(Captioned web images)
= = = =

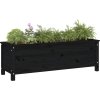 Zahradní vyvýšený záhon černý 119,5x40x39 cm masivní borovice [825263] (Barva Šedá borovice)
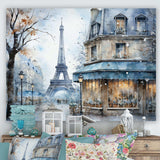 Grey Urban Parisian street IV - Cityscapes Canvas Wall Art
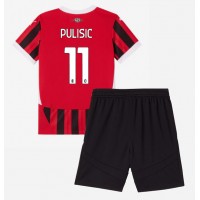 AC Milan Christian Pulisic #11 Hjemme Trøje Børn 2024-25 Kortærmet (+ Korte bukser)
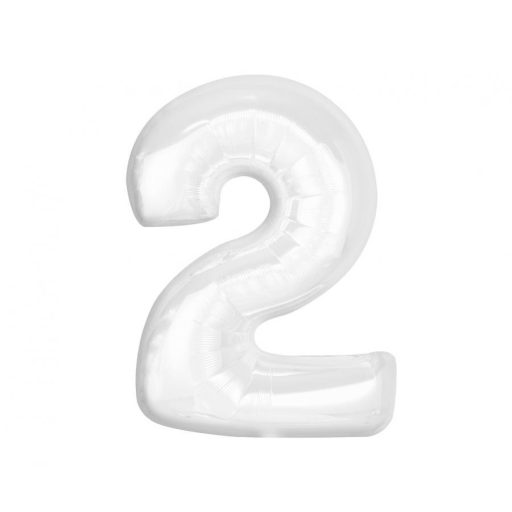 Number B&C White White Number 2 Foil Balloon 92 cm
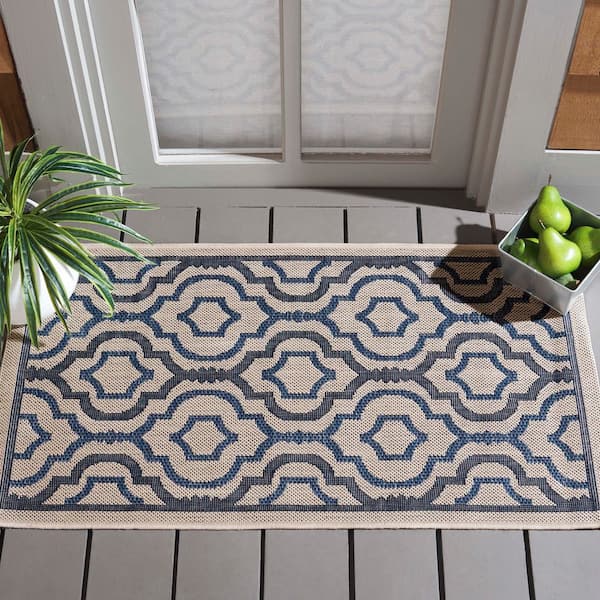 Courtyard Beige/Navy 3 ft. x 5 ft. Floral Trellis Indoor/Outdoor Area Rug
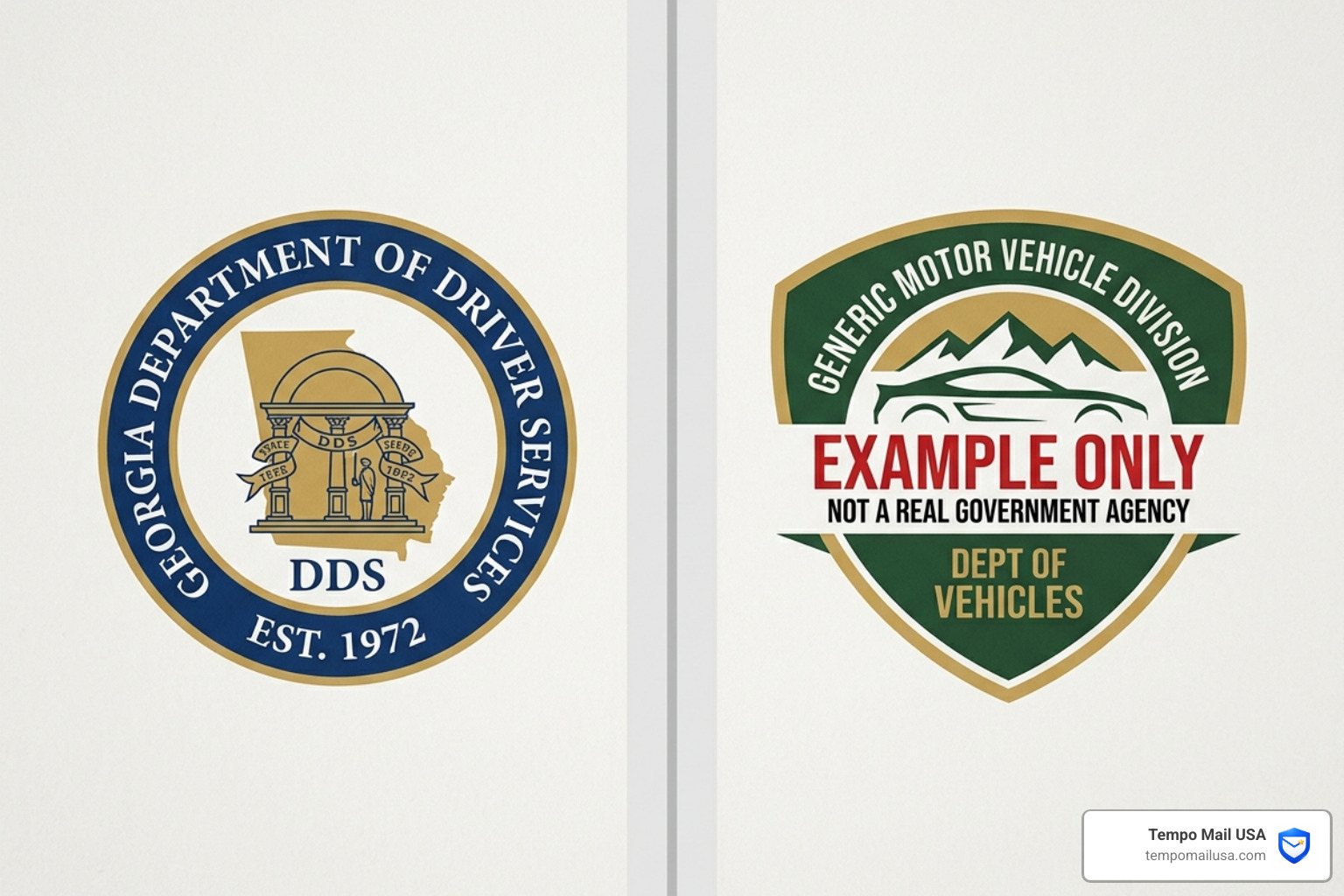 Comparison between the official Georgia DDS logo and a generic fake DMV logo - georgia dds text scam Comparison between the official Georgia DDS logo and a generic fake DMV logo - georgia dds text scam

= = = =

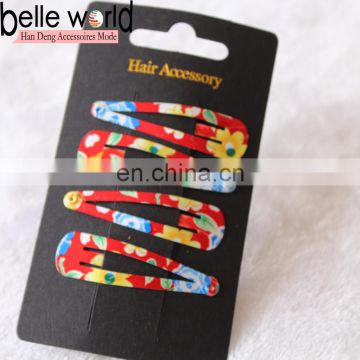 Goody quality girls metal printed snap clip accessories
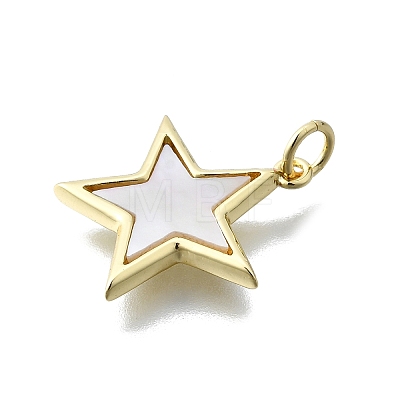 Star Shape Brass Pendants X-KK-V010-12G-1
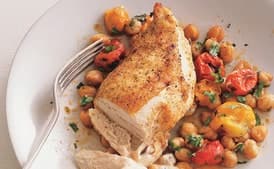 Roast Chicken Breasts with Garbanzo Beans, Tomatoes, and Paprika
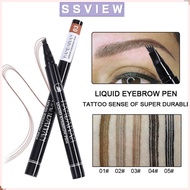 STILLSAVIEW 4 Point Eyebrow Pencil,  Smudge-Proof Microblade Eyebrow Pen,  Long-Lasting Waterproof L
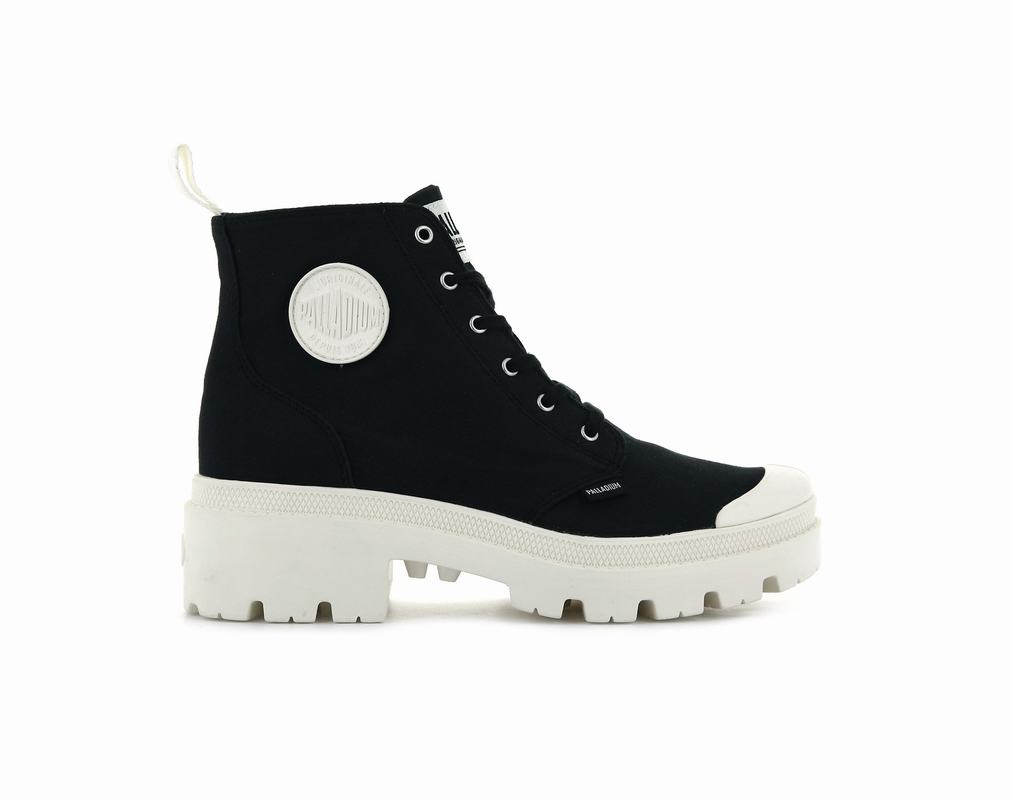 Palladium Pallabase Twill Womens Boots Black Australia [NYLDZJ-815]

= = = =

◆ REQUIRED WORK: Only one stretch of the entries above is needed: the lines from the one containing "AC Milan Christian" through the one containing "Courtyard Beige/Navy 3". Copy it exactly, without the pictures.

◆ ANSWER SPACE:
 AC Milan Christian Pulisic #11 Hjemme Trøje Børn 2024-25 Kortærmet (+ Korte bukser)
 Number B&C White White Number 2 Foil Balloon 92 cm
 Courtyard Beige/Navy 3 ft. x 5 ft. Floral Trellis Indoor/Outdoor Area Rug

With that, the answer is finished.